**Source material**.
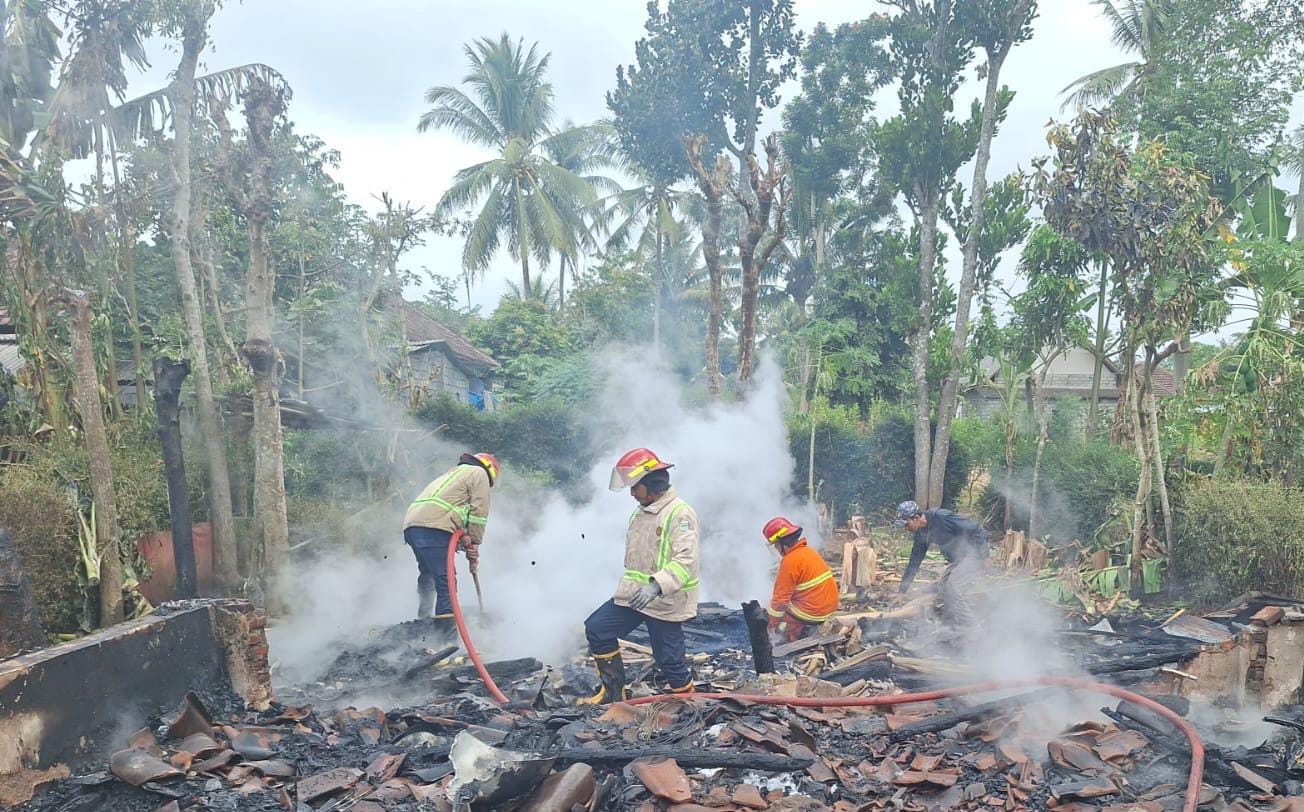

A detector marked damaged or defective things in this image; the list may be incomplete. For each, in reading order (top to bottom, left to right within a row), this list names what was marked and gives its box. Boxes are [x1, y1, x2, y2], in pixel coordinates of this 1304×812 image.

charred post [153, 354, 196, 596]
charred wood beam [745, 599, 771, 677]
charred post [745, 599, 771, 677]
charred wood beam [886, 688, 1058, 745]
charred wood beam [552, 745, 813, 771]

**Assignment**. Copy the entries exactly. No pictures.

**Solution to the problem**.
A detector marked damaged or defective things in this image; the list may be incomplete. For each, in reading order (top to bottom, left to right within a row), this list names what was marked and gives its box. Boxes are [x1, y1, x2, y2], in pixel coordinates of this 1304×812 image.

charred post [153, 354, 196, 596]
charred wood beam [745, 599, 771, 677]
charred post [745, 599, 771, 677]
charred wood beam [886, 688, 1058, 745]
charred wood beam [552, 745, 813, 771]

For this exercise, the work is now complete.